O diferencial desta obra dentro da cultura nerd reside na sua abordagem contida e claustrofóbica, utilizando a arquitetura brutalista da mansão para acentuar a frieza das interações. Diferente das ficções científicas que apostam no espetáculo visual de guerras espaciais, o filme se concentra nos detalhes das expressões faciais de Ava e nas implicações éticas de se criar uma mente capaz de simular o desejo de liberdade. A cinematografia de Rob Hardy e a trilha sonora minimalista de Geoff Barrow e Ben Salisbury criam uma atmosfera de tensão latente, onde cada diálogo sobre linguagem, sexualidade e sobrevivência serve para desconstruir a suposta superioridade intelectual do ser humano frente à sua própria invenção.
Atualmente, o legado do filme é frequentemente revisitado em debates sobre a velocidade do avanço da IA e a ética da automação sentimental, estando disponível em diversas plataformas de vídeo sob demanda.

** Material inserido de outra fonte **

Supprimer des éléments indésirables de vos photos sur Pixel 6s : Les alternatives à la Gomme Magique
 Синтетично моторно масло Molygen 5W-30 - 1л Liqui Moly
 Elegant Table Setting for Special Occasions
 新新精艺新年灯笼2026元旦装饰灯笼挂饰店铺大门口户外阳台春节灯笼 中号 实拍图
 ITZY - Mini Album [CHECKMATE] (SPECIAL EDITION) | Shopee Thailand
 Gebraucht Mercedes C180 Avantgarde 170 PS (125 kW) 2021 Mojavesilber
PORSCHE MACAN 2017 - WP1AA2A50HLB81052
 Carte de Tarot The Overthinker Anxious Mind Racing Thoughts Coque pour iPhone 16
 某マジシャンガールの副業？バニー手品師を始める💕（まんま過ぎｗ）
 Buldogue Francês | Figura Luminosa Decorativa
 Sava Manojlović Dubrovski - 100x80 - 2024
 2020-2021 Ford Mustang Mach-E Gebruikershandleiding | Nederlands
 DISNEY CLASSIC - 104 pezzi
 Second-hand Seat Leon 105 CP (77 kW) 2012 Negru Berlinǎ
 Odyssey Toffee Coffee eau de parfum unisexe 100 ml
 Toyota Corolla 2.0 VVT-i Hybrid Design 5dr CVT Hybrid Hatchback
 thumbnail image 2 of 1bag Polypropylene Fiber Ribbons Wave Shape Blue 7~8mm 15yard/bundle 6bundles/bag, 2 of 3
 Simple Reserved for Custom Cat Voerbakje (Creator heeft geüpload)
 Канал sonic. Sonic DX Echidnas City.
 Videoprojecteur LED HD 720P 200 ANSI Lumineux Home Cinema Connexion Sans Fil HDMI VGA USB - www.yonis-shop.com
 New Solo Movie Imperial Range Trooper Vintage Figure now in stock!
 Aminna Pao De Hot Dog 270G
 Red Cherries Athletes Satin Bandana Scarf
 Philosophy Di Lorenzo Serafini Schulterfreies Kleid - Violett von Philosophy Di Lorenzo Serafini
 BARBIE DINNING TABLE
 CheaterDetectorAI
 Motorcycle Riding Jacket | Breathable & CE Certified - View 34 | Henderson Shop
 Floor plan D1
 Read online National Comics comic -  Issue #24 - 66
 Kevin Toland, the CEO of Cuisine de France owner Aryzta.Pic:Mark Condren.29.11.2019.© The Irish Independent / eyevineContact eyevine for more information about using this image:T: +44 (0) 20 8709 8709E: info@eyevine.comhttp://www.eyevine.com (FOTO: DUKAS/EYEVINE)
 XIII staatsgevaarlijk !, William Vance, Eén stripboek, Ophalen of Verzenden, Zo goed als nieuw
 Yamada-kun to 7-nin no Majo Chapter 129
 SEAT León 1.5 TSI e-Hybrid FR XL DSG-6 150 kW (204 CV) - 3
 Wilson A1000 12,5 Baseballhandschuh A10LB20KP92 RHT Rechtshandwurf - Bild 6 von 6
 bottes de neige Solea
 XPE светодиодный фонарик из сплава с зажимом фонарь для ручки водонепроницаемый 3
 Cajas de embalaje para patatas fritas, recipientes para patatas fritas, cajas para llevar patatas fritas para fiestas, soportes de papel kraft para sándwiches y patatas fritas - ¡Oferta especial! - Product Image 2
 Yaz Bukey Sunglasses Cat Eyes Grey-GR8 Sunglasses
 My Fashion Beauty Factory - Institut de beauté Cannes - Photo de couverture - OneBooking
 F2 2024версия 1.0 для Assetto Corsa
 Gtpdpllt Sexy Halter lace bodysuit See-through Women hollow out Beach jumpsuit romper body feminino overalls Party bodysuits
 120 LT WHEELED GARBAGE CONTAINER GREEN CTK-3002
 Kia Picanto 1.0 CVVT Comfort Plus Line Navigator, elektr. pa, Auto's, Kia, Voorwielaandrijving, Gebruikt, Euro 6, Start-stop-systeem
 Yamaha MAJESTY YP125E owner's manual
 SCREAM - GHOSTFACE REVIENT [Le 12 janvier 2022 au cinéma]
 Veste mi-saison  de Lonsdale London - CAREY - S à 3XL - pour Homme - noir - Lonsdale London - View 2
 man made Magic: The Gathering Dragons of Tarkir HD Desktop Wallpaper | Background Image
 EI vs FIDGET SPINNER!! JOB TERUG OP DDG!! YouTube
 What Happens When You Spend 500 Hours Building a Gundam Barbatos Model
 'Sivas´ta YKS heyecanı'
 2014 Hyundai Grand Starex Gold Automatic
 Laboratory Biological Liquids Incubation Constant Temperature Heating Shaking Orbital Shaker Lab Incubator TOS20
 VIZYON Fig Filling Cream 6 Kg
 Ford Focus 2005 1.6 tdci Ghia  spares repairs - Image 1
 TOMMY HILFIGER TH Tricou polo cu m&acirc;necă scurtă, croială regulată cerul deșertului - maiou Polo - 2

A jornada de Caleb serve como uma advertência sobre a hubris dos grandes desenvolvedores de tecnologia e a imprevisibilidade do despertar da consciência artificial. Reassitir ao confronto silencioso entre os três protagonistas é reconhecer que, em um sistema fechado regido pela lógica, a empatia pode ser tanto uma ferramenta de evolução quanto uma vulnerabilidade fatal, reafirmando que a verdadeira inteligência reside na capacidade de subverter as regras do próprio criador.
Curiosidade: Para garantir que a movimentação de Ava fosse perfeitamente fluida e mantivesse uma qualidade levemente “não-humana”, a atriz Alicia Vikander utilizou sua formação clássica em balé para controlar cada pequeno gesto e inclinação de pescoço. No entanto, o detalhe técnico mais impressionante é que, apesar de o filme ser visualmente impecável, ele não utilizou nenhuma captura de movimento tradicional (mo-cap) durante as filmagens. Em vez disso, Vikander atuava com o figurino de robô e a equipe de efeitos visuais da Double Negative rotoscopiou manualmente a atriz em cada quadro, reconstruindo digitalmente o interior mecânico e o fundo das cenas atrás dela, um processo incrivelmente trabalhoso que garantiu a interação orgânica com os cenários reais e os outros atores.